Inside the crush of people, which the Comic-Con officials would put at 125,000 by the end of the weekend, a new record, I’d overhead a middle-aged man, dressed as some sort of space lizard in a blue Speedo and green leotard, say enthusiastically to another middle-aged man, who was dressed in a silver body stocking, boots and a star-spangled cape, “My wife thinks I’m nuts, but I tell her that it’s just me stepping out of the closet once a year — give me a break!” I turned to look at his outfit, which most certainly seemed as if it had been put on inside a closet; a dark closet, I figured, that had to spill directly out onto the sidewalk, for anybody willing to cram himself into a Speedo that small would be unable to move through a house, where he might catch a glimpse of himself reflected in a mirror, window or even the chrome of the toaster.

“Right on,” said the other guy. I turned back around to the sound of a high-five being clapped through gloved hands.

And when everybody cheered a Wookie riding by in the back seat of one of the many rickshaw bicycles shuttling conventioneers everywhere around town, their applause inspiring him to stand up and do a Tarzan yell and to pound his chest triumphantly, my annoyance at both his shortness and his bravado quickly spread to a deeper annoyance with myself for being angry at the character crossover: Chewy, even if he were 5 feet 4 inches, wouldn’t act like Johnny Weissmuller, not even with a gun to his head, you lousy cocksuckers! I savored my rage, repeating the thought over and over again against my will, until my concentration was broken by the sight of a male Princess Leia riding next to the chest-thumping buffoon. Properly bosomed and as demure as royalty, he wore a goatee and real cinnamon buns on either side of his head, raisins and all.
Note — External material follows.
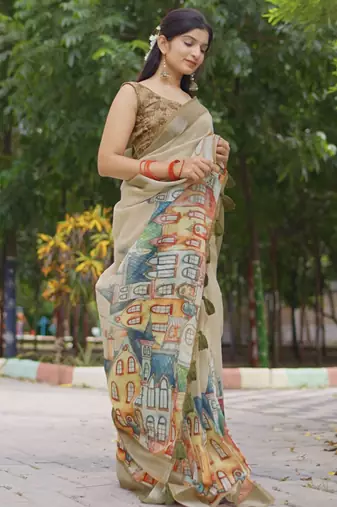 beige abstract print zari border cotton blend saree with unstiched blouse piece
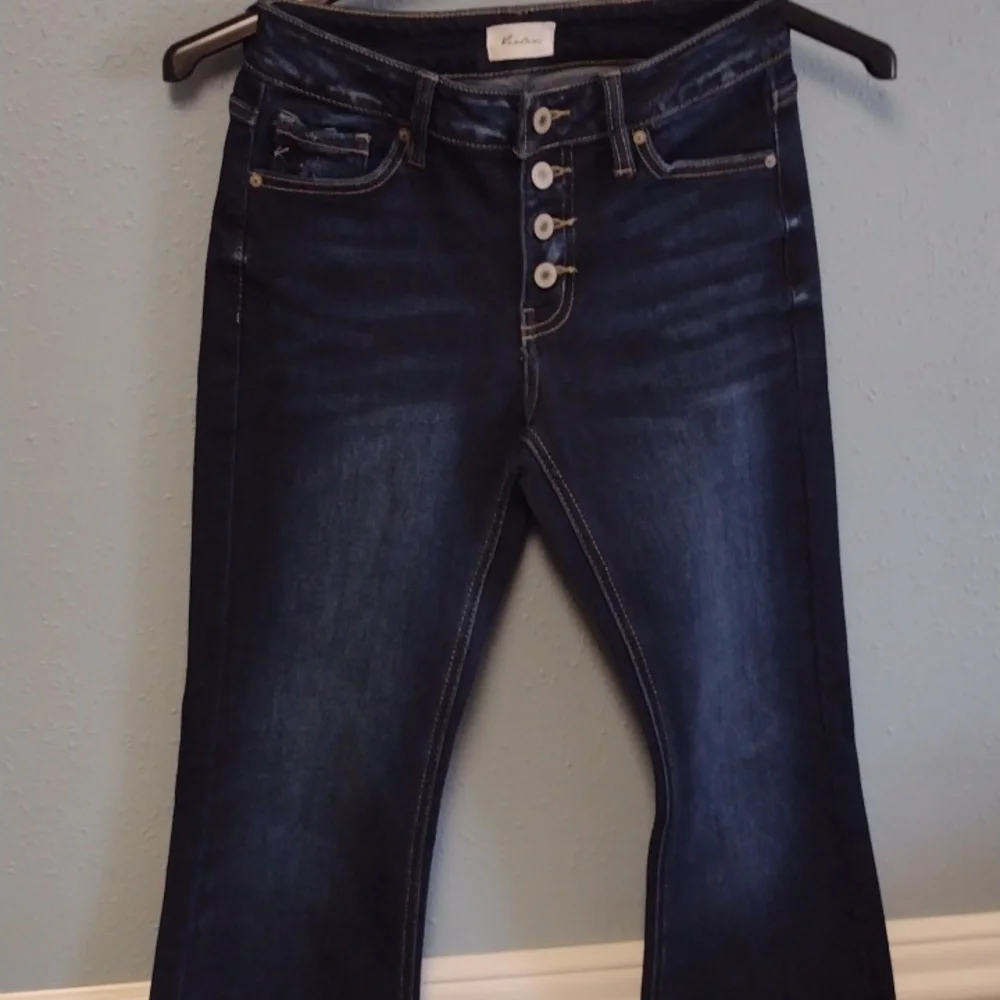 KanCan Blue Flare Wide Leg Jeans Size 5 Y2K - Picture 6 of 14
Two hours later, during the Q&A portion of the editorial-cartooning panel I was on, a girl asked me, after seeing 10 of my angriest cartoons projected on a screen the size of a dead sail, if I was afraid of the U.S. government. I looked past her at the helmeted storm trooper in the very last row rummaging through his shopping bag and remembered my favorite Susan Sontag quote: 10 percent of any population is cruel, no matter what, and 10 percent is merciful, no matter what, and the remaining 80 percent can be moved in either direction.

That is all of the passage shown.